18 July 2026

Midlife Bikes

 


Yesterday I pedaled Tosca, my Mercian fixed gear bike, to City Island and back. It wasn’t a long ride: about 16 miles (26 km), and only because I took a slightly convoluted route on my way out. But I was happy because I felt good: My body and bike felt as if they were were one, an absolutely perfect form of energy spinning across pavement and dirt.

I have been riding Tosca for nearly two decades, longer than any other bike I’ve ever owned. It was repainted once. I can’t think of anything I’d change on her. I feel the same way about my other bespoke Mercians—Dee-Lilah, my Vincitore Special and La-Vande, my King of Mercia—and Vera, my Miss Mercian mixte.  

Why am I praising my bikes now?  Somehow Infound myself thinking about how, in my youth, I would’ve followed the Tour de France (running now) and other races and wanted to make my bikes more like those Eddy Merckx, Bernard Hinault, Lance Armstrong (before I knew how much he’d cheated) and other champions. Their bikes weren’t very different from the Colnago or Land Shark I rode. But I always felt the need to keep my bike “up to date,” even long after I’d stopped racing or even riding with wannabe racers.

Today I hardly follow racing and am much less interested in professional sports (except for women’s) than I once was. Today I ride only for transportation or pleasure. My bikes serve those purposes; the ones ridden by the pros would not. Integrated cockpits might be great for efficiency, but they don’t allow for adjustment. Disc brakes are more work than I am willing to do; I have not had trouble stopping with caliper brakes as long as I keep them adjusted.  And I don’t need 12 or 13 gears on the rear of my drivetrain.

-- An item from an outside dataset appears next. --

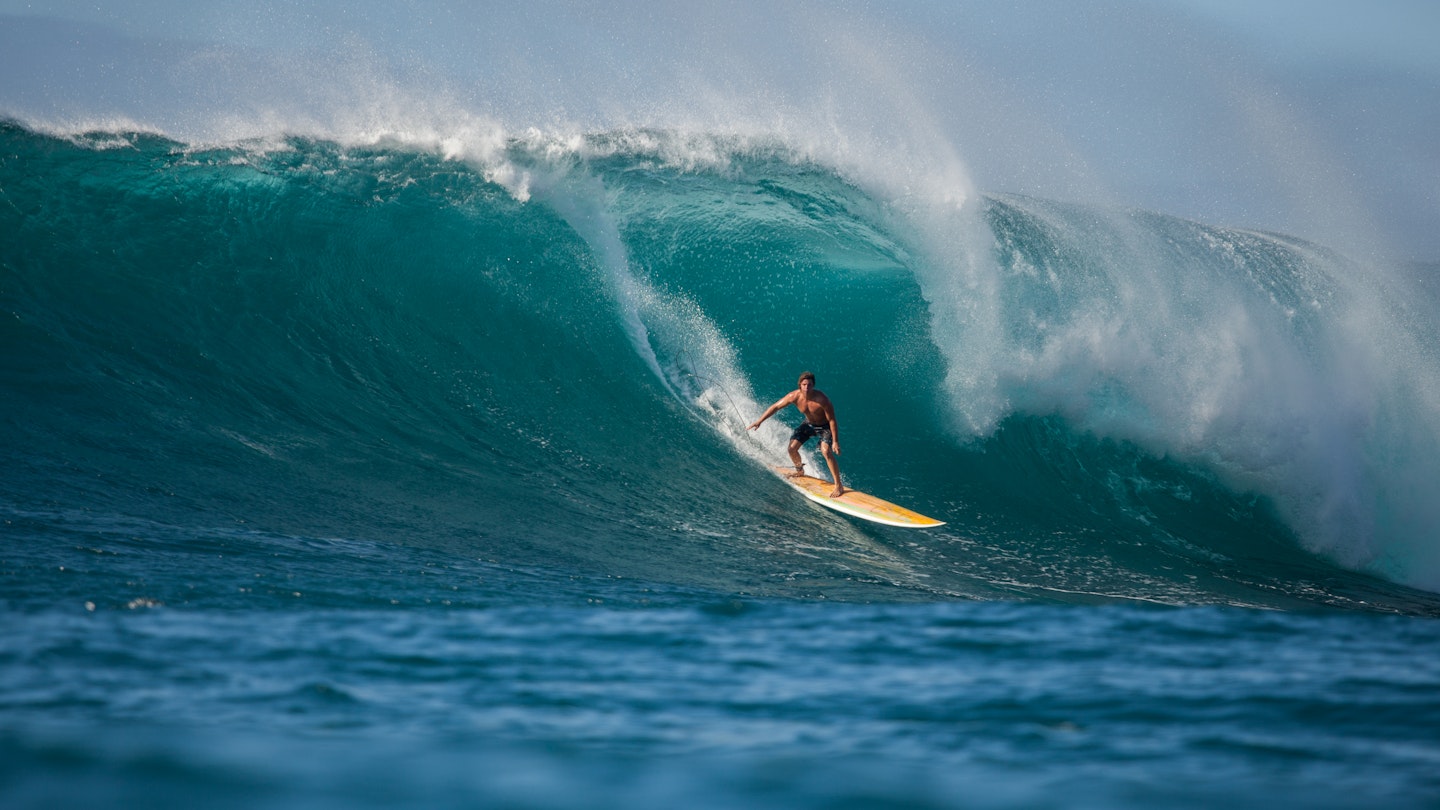 Man surfing a large barrelling wave at Waimea Bay.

In other words, the bike I might’ve wanted if I were, today, the young rider I once was has no use or appeal to me as a midlife cyclist.

17 July 2026

“Senior Citizens” Should “”Limit” Their Outdoor Activities




 We’ve been warned to limit our outdoor activities if we have chronic medical conditions or are “senior citizens.”

Since I am, ahem, in midlife and know that the definition of “limit” can be, shall we say, elastic, I did go for an early ride.  City Island and back: entirely agreeable—especially on Tosca, my Mercian fixed gear bike—and fits the word “limit,” at least for me.

The island looks like a bit like a New England fishing village. But the thing that reminds you it is, after all, part of New York City (and a tourist trap) are the restaurants and their patrons.  I could smell the fried clams which, somehow, I don’t think New England fishermen eat—and I know weren’t bivalves from local waters. I also noticed the youngish couples who, I assume, were “doing brunch” even if, by most people’s standards, it was breakfast-time.

But, of course, nobody goes to those restaurants for the seafood which is delivered frozen, in trucks, just like the fish and crustaceans one might order anywhere else in the city.  And those restaurants aren’t exactly bargains.  People go to those eateries for the same reason the island is one of my “limit” ride destinations:  the views.

So I will not judge anyone for “doing brunch” at overpriced mediocre restaurants where they could eat exactly the same stuff served on the mainland. I will not judge them, any more than I will judge anyone else riding a bicycle, no matter how decrepit or simply inferior it may be—precisely because I used to judge such riders (some of whom brought their bikes to the island on carriers attached to their cars). It was a lovely morning, and wildfire smoke had yet to shroud the sky.  Let them enjoy it as they will!

15 July 2026

Code Orange

 This evening the sun will set at 20:26 (8:26 pm) where I am. 

This was the view from my window two hours earlier:



The cause? Wildfires in Canada, like the ones that blazed our midday skies three years ago.






But remember; Climate change is a Chinese hoax. Dear Leader says so.